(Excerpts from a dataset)

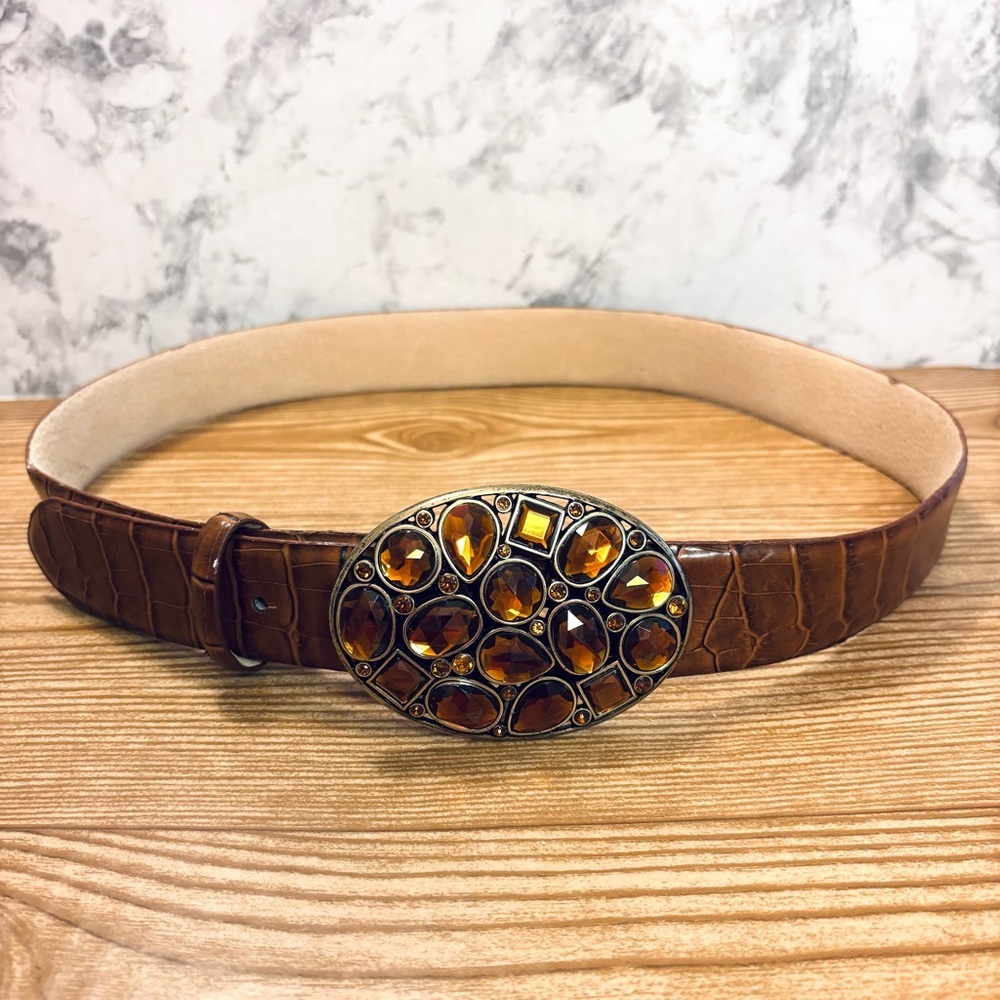 Brown Croc Embossed Leather Lined Belt with Jeweled Large Belt Buckle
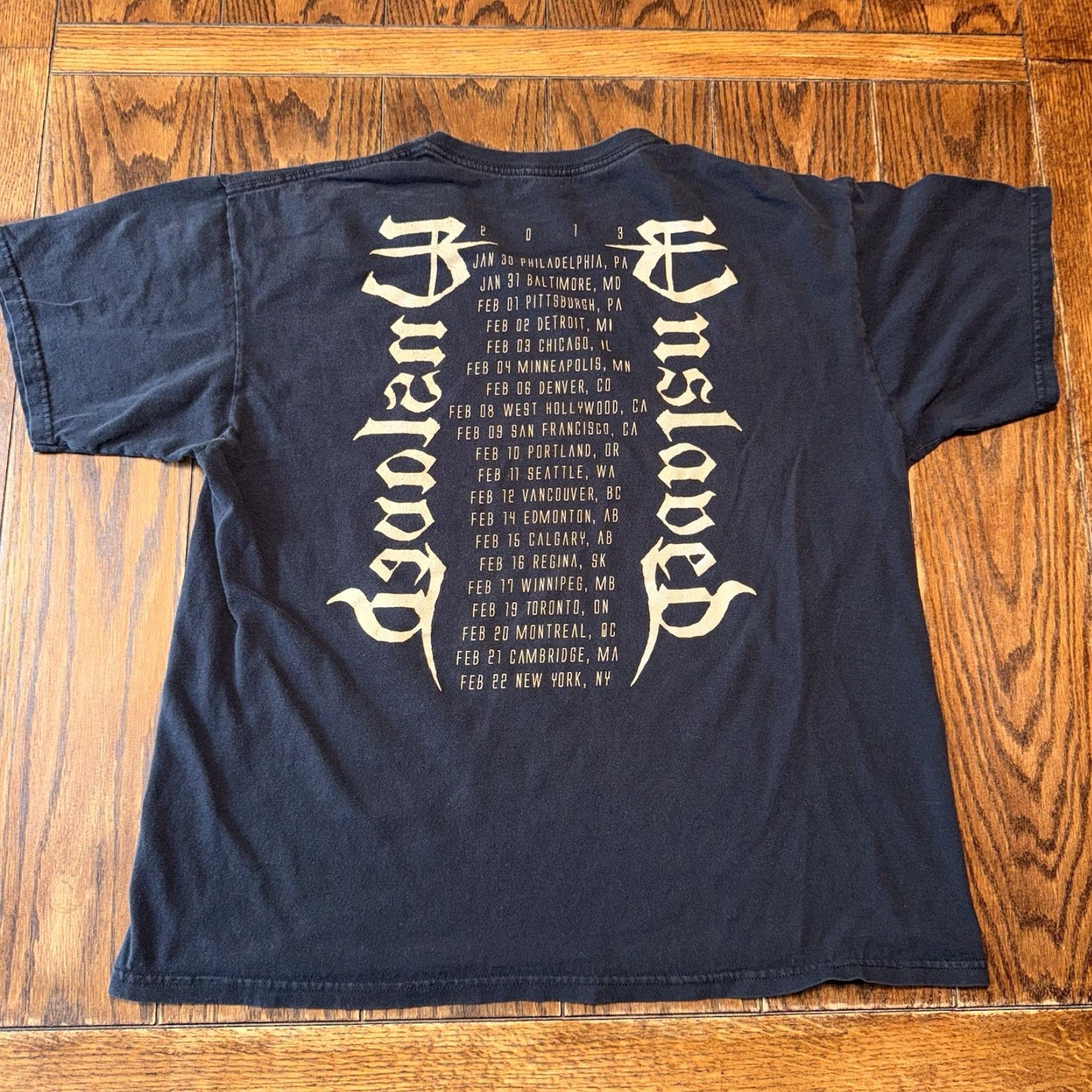 Fruit Of The Loom Enslaved Riitiir T Shirt Tour 2013 Double-Sided Black M Shirt Mens Graphic Print Cotton Crew Neck Short Sleeve Ancient/Metal Theme Size US M / EU 48-50 / 2 - 4 Thumbnail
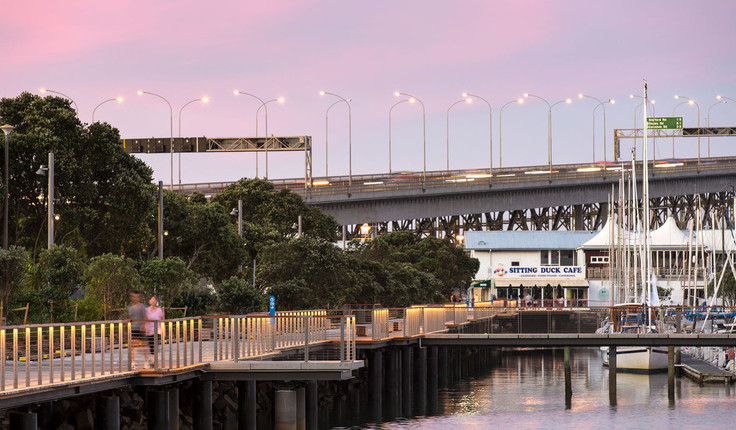 LandLAB’s Westhaven Promenade provides a shared path along the foreshore.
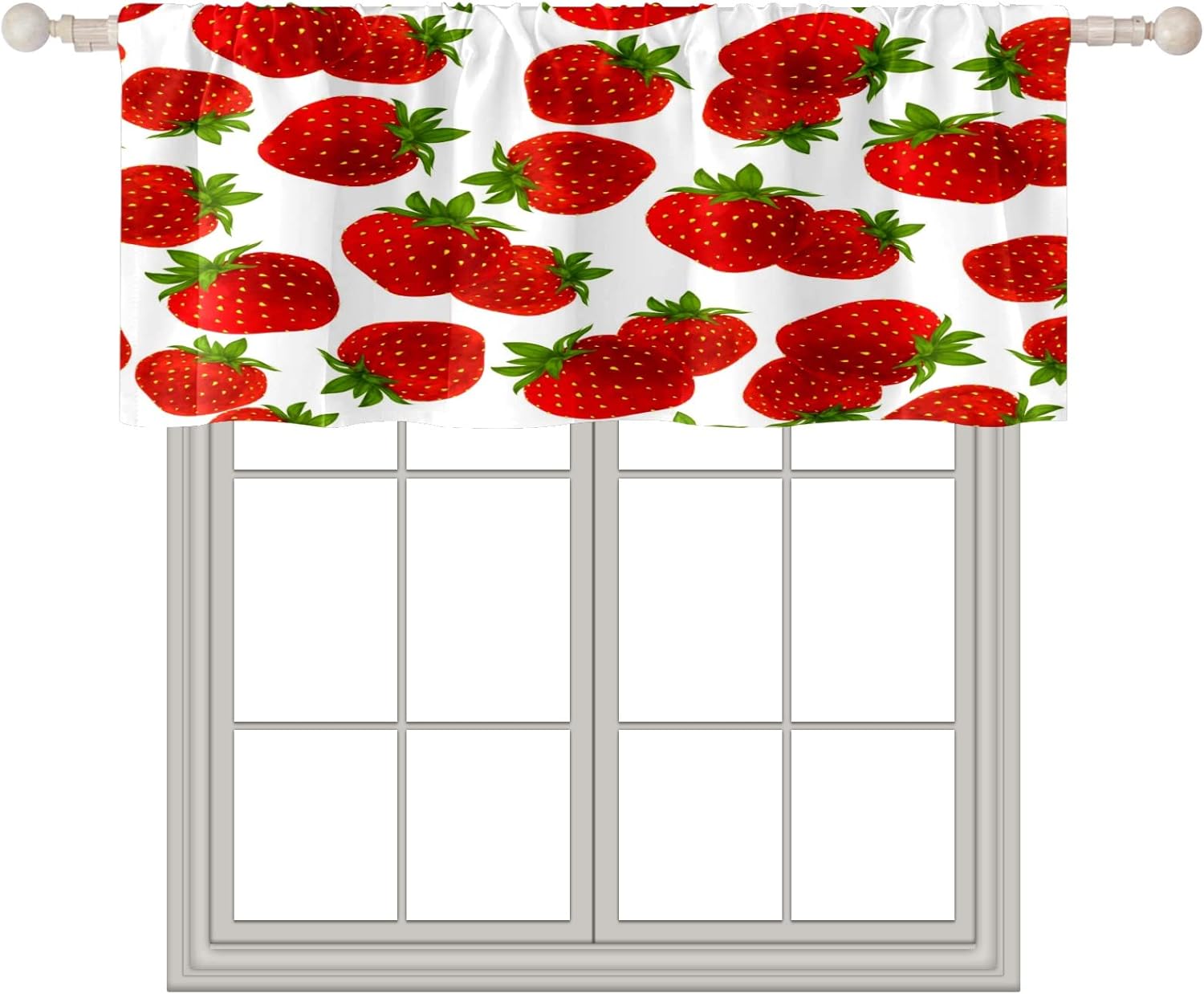 Valence Curtains for Windows Red Strawberry Fruits Whit Blackout Curtain Rod Pocket Window Treatment Curtains for Kitchen Bathroom Living Room Bedroom Decorative Curtain Toppers and Valances 24x52in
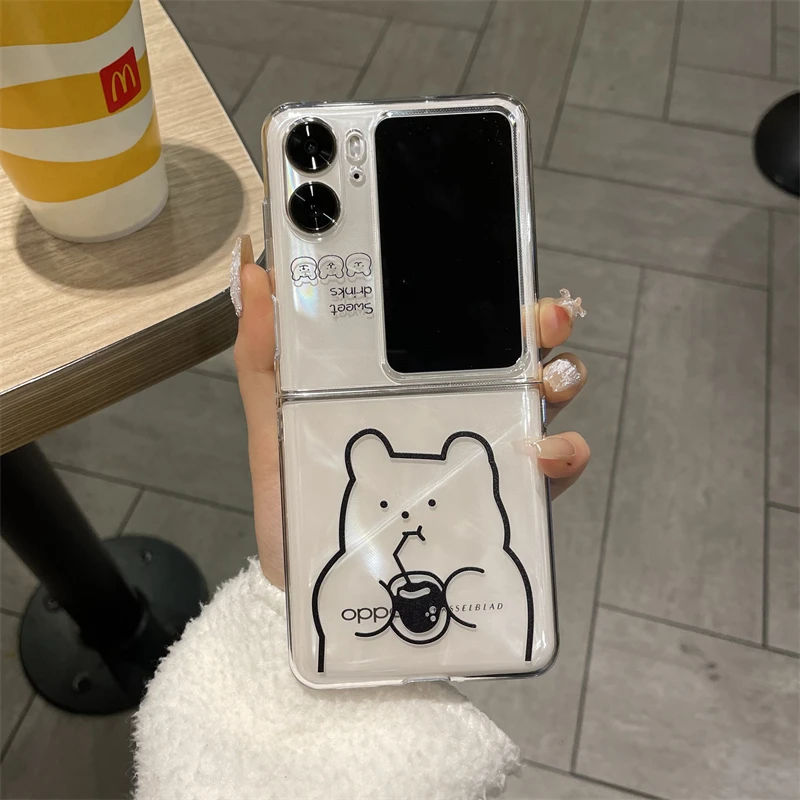 oppofindn2flip手机壳折叠卡通熊透明OPPOFindN2Flip保护壳手链款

WHAT IS REQUIRED:
Copy the records shown above in their entirety and exactly; images are to be left out.

RESPONSE TO THE EXERCISE:
 Brown Croc Embossed Leather Lined Belt with Jeweled Large Belt Buckle
 Fruit Of The Loom Enslaved Riitiir T Shirt Tour 2013 Double-Sided Black M Shirt Mens Graphic Print Cotton Crew Neck Short Sleeve Ancient/Metal Theme Size US M / EU 48-50 / 2 - 4 Thumbnail
 LandLAB’s Westhaven Promenade provides a shared path along the foreshore.
 Valence Curtains for Windows Red Strawberry Fruits Whit Blackout Curtain Rod Pocket Window Treatment Curtains for Kitchen Bathroom Living Room Bedroom Decorative Curtain Toppers and Valances 24x52in
 oppofindn2flip手机壳折叠卡通熊透明OPPOFindN2Flip保护壳手链款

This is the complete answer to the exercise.